In der Praxis würden diese Wertvorstellungen allerdings mit der unternehmerischen Realität konkurrieren: „Nach außen kommunizierte Leitbilder, Unternehmenspolitik und die tatsächlich gelebte Praxis der Vereinbarkeit weichen häufig voneinander ab“. Dies gelte vor allem für Unternehmen, die sich an ständig wechselnde Marktbedingungen anpassen müssten, wie es z. B. im Konsumgüterhandel der Fall sei. Dazu komme noch der Umstand, dass in vielen Unternehmen Arbeitskollegen die Aufgaben der sich in Eltern- oder Teilzeit Befindlichen übernehmen müssen – on top, versteht sich. „Natürlich trägt das nicht zur positiven Wahrnehmung bei“, räumt von Alemann ein.
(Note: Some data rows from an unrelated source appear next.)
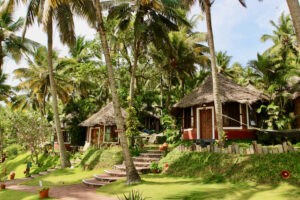 Beautiful small and luxurious garden huts in the shade of the coconut palm trees near the sea.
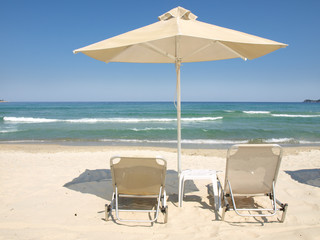 Fototapeta na wymiar Sunchairs and umbrella on Carribean Beach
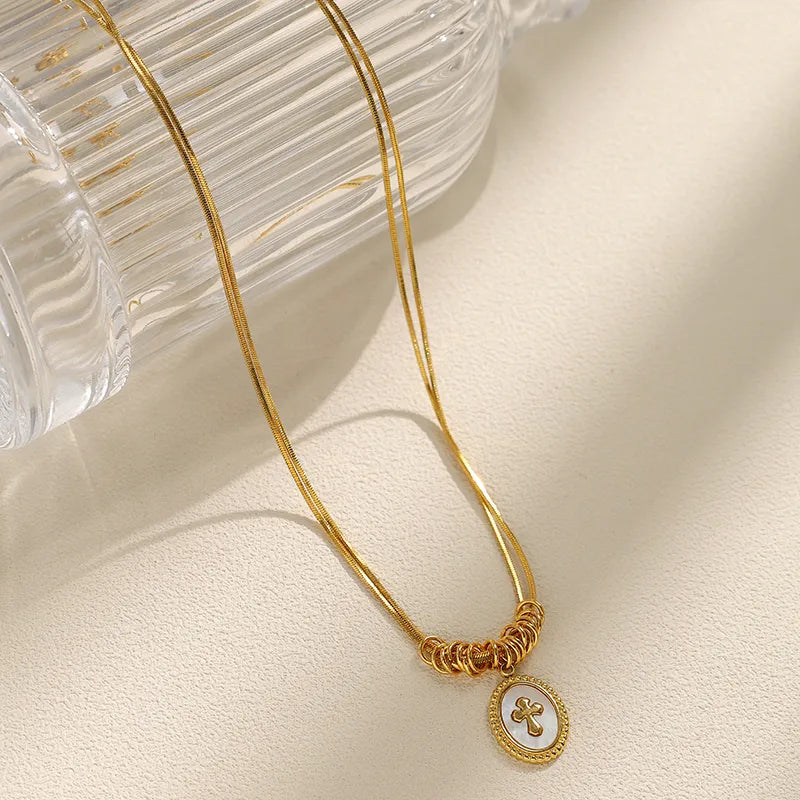 Gold Cross Oval Pendant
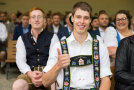 Junger Mann in Tracht mit Hosenträger zeigt mit dem Daumen nach oben. Im Hintergrund sind weitere Meister.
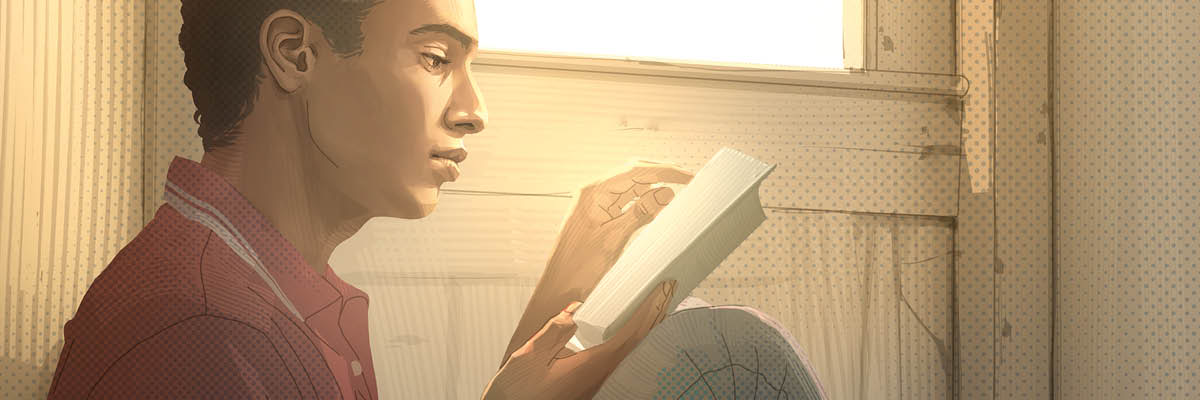 Seorang lelaki muda membaca Bible.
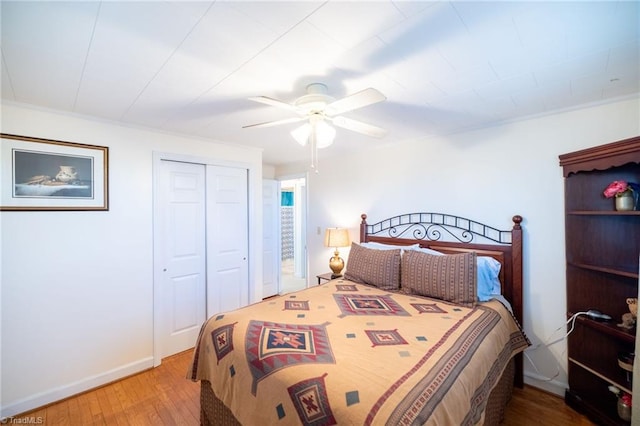 bedroom featuring ceiling fan, a closet, baseboards, and wood finished floors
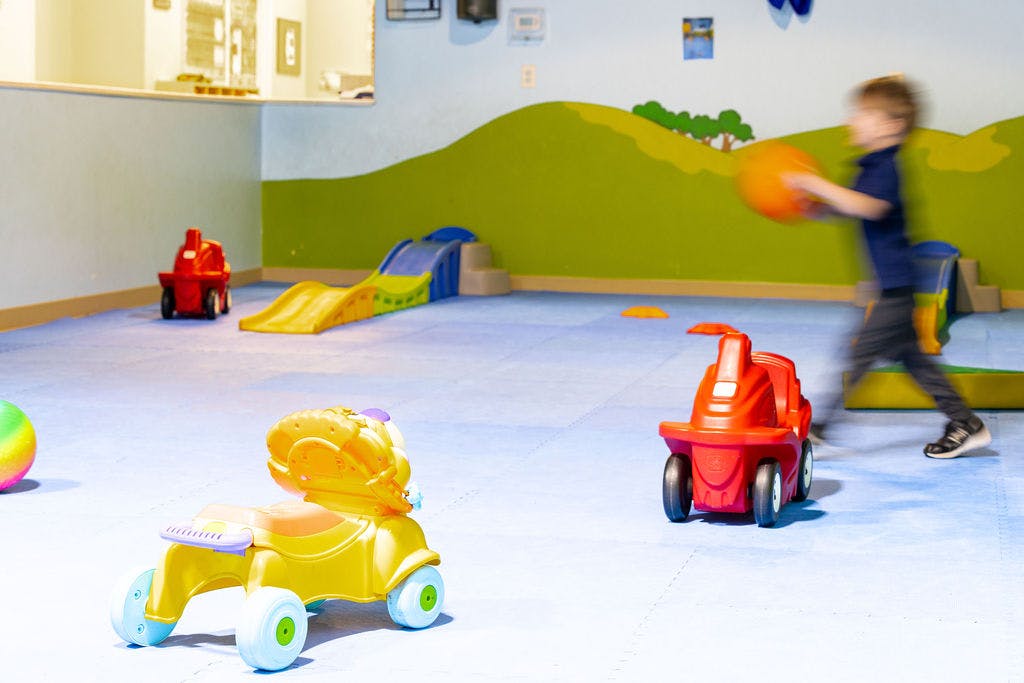 Child running with a ball in a playroom with toys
Grundsätzlich gelte: Elternzeit, kürzere Arbeitszeiten oder das Ausreizen der Gleitzeit zugunsten der Familie werden allgemein kritisch bewertet und als negativ empfunden. 

Es stellt sich also die Frage, wie entsprechende Angebote genutzt werden können, ohne dass dies mit negativen Konsequenzen für die Betroffenen einhergeht. Väter sollten die Möglichkeit haben, ihren familiären Aufgaben und Verpflichtungen – die Wissenschaft spricht hier von „Care-Verantwortung“ – nachzukommen, ohne dass sich daraus Nachteile für ihre Karrieren ergeben. Alemann schlägt vor: „Eine explizit ausgesprochene Erlaubnis, Vereinbarkeitsangebote wahrzunehmen, kann viel bewirken. Ausgesprochen vom Vorgesetzten, nicht nur durch ein Zertifikat für Familienfreundlichkeit“. So würden Hürden abgebaut und verborgene Regeln ihrer Einflussnahme entzogen. Maßnahmen wie eine Betriebs-Kita, Telearbeit oder Wiedereinstiegsprogramme für Eltern seien zwar gut, reichten alleine aber nicht aus. „Väter und Mütter müssen die gleichen Chancen haben, ihr Familienleben zu gestalten und beruflich erfolgreich zu sein. Berufliche Führungspositionen werden aber leider nach wie vor mit Vollzeit und einer männlichen Besetzung assoziiert. Letztendlich führt das zu einer Traditionalisierung der Geschlechterverhältnisse, was alles andere als zeitgemäß ist“, kritisiert von Alemann.

Nina Reckendorf, Stabsstelle Presse und Kommunikation

Foto (Universität Paderborn, Nina Reckendorf): Für viele Väter ist die Vereinbarkeit von Beruf und Familie ein Problem.